Generally, courts may consider only the factual allegations in the pleadings when deciding a motion to dismiss. Bates v. Green Farms Condo. Ass'n, 958 F.3d 470, 483 (6th Cir. 2020). If matters outside the pleadings are presented on a motion to dismiss and not expressly excluded by the Court, the Court must treat the motion as a motion for summary judgment under Rule 56. Fed.R.Civ.P. 12(d); see also Bates, 958 F.3d at 483. There are a few exceptions, however: courts may consider documents attached to the complaint, documents attached to the motion to dismiss “so long as they are referred to in the complaint and are central to the claims contained therein,” and public records without converting the motion to dismiss to a motion for summary judgment. Rondigo, L.L.C. v. Twp. of Richmond, 641 F.3d 673, 680-81 (6th Cir. 2011).
At the outset, the parties dispute the extent to which the Court should consider documents attached to Defendants' motion to dismiss. (See D.N. 20, PageID. 614-18; D.N. 19, PageID.389 n.2) On one hand, Plaintiffs' claims clearly rely on publicly available documents attached to Defendants' motion, such as several Form 5500s filed by Plaintiffs' alleged comparison plans. (D.N. 16, PageID.102 ¶ 102) On the other, the Court is cognizant that highly detailed factual disputes about Plaintiffs' fee calculations and comparisons to other plans are not properly considered at the motion-to-dismiss stage. See Cassell v. Vanderbilt Univ., 285 F.Supp.3d 1056, 1063 (M.D. Tenn. 2018) (“The question [of] whether it was imprudent to pay a particular amount of record-keeping fees generally involves questions of fact that cannot be resolved on a motion to dismiss.”); id. at 1066 (“Whether fees are unreasonable is an issue that should be taken up at summary judgment.”) (citations omitted). As such, the Court will consider those documents “referred to in the complaint and . . . central to the claims contained therein,” Rondigo, 641 F.3d at 680-81, such as the Form 5500s, but will otherwise exclude materials outside the pleadings and assume the truth of Plaintiffs' well-pleaded factual allegations, as must be done at this stage of the proceedings. See Tackett, 561 F.3d at 488 (citation omitted).
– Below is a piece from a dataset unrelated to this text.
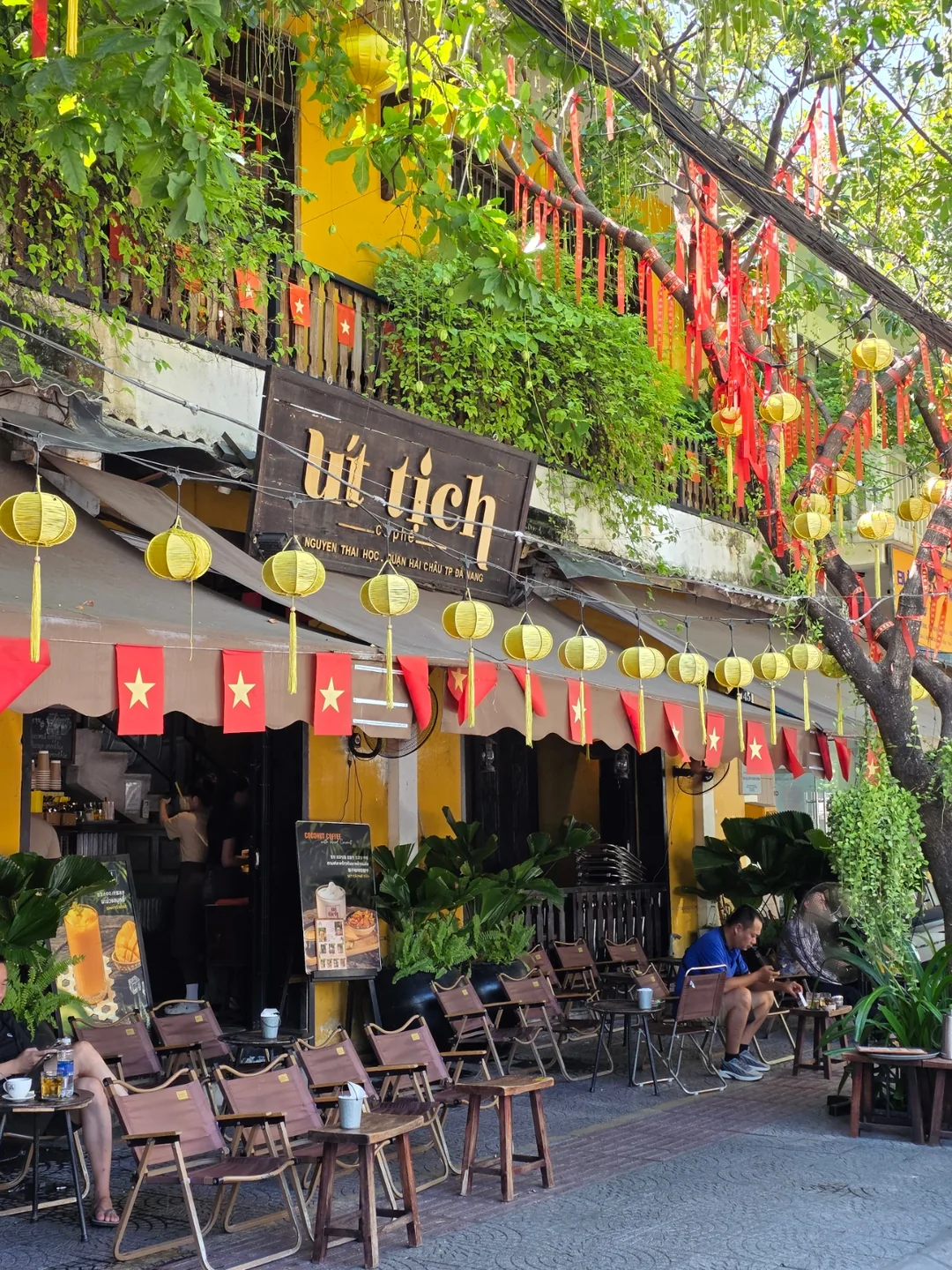Đánh giá)▶️✍️Quán cà phê Uttich(UtTichCafe)-Chi nhánh Chợ Hansi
A. Duty of Prudence - Stable-Value Fund
Plaintiffs allege that the Benefits Committee breached its fiduciary duty of prudence by failing “to evaluate the cost of the Plan's investments critically or objectively in comparison to other more reasonable alternative investments.” (D.N. 16, PageID.369 ¶ 216) Specifically, Plaintiffs claim that the Benefits Committee “selected and retained for years as Plan investment options an unreasonable stable value fund[, the FMIP fund,] when other materially identical investment options were readily available to the Plan at all relevant times.” (Id.) Defendants argue that Plaintiffs lack Article III standing to pursue this claim and that in any event, dismissal is warranted because Plaintiffs' allegations are implausible. (D.N. 19, PageID.392-402) As explained below, the Court agrees that Plaintiffs lack standing to pursue this claim.
In light of this conclusion, the Court need not consider Defendants' argument that the stablevalue-fund claim is insufficiently pleaded.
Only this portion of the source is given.